Freshman House Democrat wants to do away with straight-ticket voting
01/20/2017 03:20 PM
After a brutal election cycle for House Democrats that saw them lose control of the lower chamber for the first time since 1921, a freshman Democrat has filed a bill to eliminate straight-ticket voting in Kentucky general elections.
But the 2016 election cycle isn’t the impetus for Rep. John Sims’ House Bill 157. He says the issue has been on his radar since he became a magistrate in Fleming County in 2010.
“I believe people need to know who they’re voting for, personal than just the party, and that’s the reason I did the bill,” Sims, D-Flemingsburg, told Pure Politics in a phone interview Friday.

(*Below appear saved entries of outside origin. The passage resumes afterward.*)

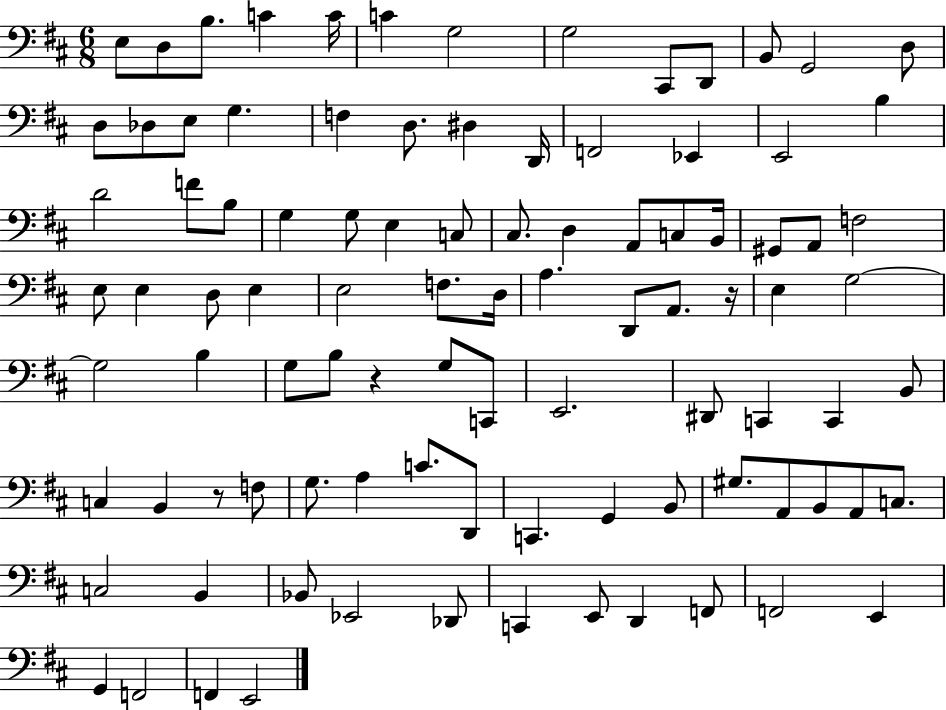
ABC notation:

X:1
T:Untitled
M:6/8
L:1/4
K:D
E,/2 D,/2 B,/2 C C/4 C G,2 G,2 ^C,,/2 D,,/2 B,,/2 G,,2 D,/2 D,/2 _D,/2 E,/2 G, F, D,/2 ^D, D,,/4 F,,2 _E,, E,,2 B, D2 F/2 B,/2 G, G,/2 E, C,/2 ^C,/2 D, A,,/2 C,/2 B,,/4 ^G,,/2 A,,/2 F,2 E,/2 E, D,/2 E, E,2 F,/2 D,/4 A, D,,/2 A,,/2 z/4 E, G,2 G,2 B, G,/2 B,/2 z G,/2 C,,/2 E,,2 ^D,,/2 C,, C,, B,,/2 C, B,, z/2 F,/2 G,/2 A, C/2 D,,/2 C,, G,, B,,/2 ^G,/2 A,,/2 B,,/2 A,,/2 C,/2 C,2 B,, _B,,/2 _E,,2 _D,,/2 C,, E,,/2 D,, F,,/2 F,,2 E,, G,, F,,2 F,, E,,2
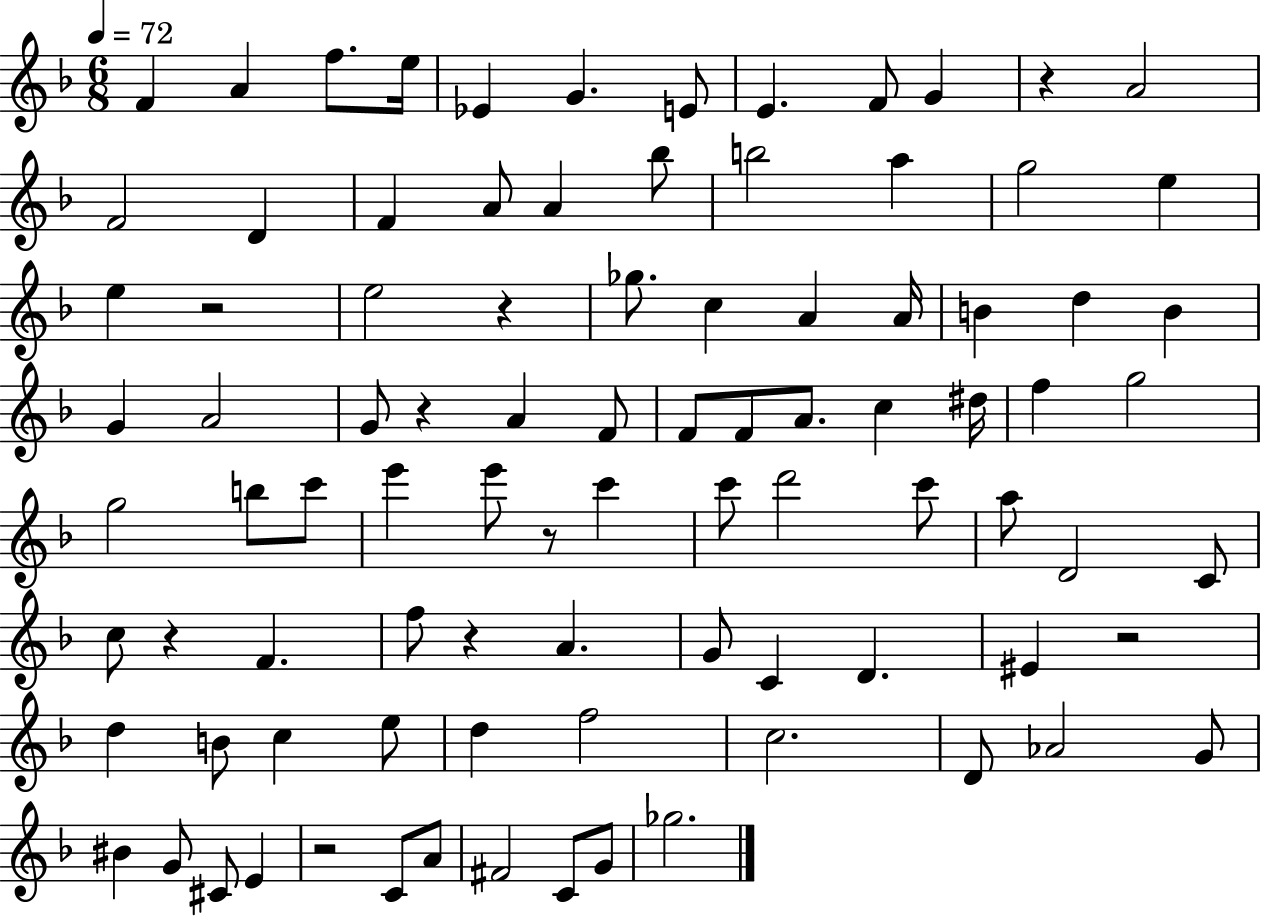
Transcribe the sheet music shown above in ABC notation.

X:1
T:Untitled
M:6/8
L:1/4
K:F
F A f/2 e/4 _E G E/2 E F/2 G z A2 F2 D F A/2 A _b/2 b2 a g2 e e z2 e2 z _g/2 c A A/4 B d B G A2 G/2 z A F/2 F/2 F/2 A/2 c ^d/4 f g2 g2 b/2 c'/2 e' e'/2 z/2 c' c'/2 d'2 c'/2 a/2 D2 C/2 c/2 z F f/2 z A G/2 C D ^E z2 d B/2 c e/2 d f2 c2 D/2 _A2 G/2 ^B G/2 ^C/2 E z2 C/2 A/2 ^F2 C/2 G/2 _g2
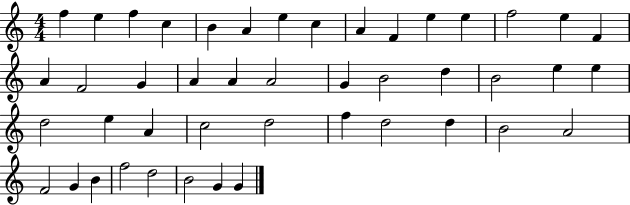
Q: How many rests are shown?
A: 0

House Republicans won 17 seats en route to a 64-36 supermajority, propelled in part by President Donald Trump’s overwhelming victory over Democratic presidential nominee Hillary Clinton, an unpopular figure in Kentucky.
Democrats still hold a voter registration advantage over Republicans in Kentucky by more than 340,000, but the number of straight-ticket GOP voters in the 2016 elections outpaced such Democratic voters by 117,006, with 529,305 voting Republican and 412,299 voting Democrat, according to data provided by Secretary of State Alison Lundergan Grimes’ office.
Kentucky is one of 10 states that allow straight-ticket voting, and Sims says he’s unsure how HB 157 will fare in the House.
Since he filed the legislation on Jan. 7, the last day of the 30-day session until lawmakers reconvene Feb. 7, Sims says he hasn’t had an opportunity to gauge support for the bill.
“I just put it out there, and we’ll see what happens,” he said.
But Tres Watson, spokesman for the Republican Party of Kentucky, says he doesn’t expect the bill to go very far.
“From the voters I’ve talked to, the representatives I’ve talked to, I don’t believe there’s any appetite nor is there any sort of public groundswell that believes such legislation is needed,” he said in a phone interview Friday.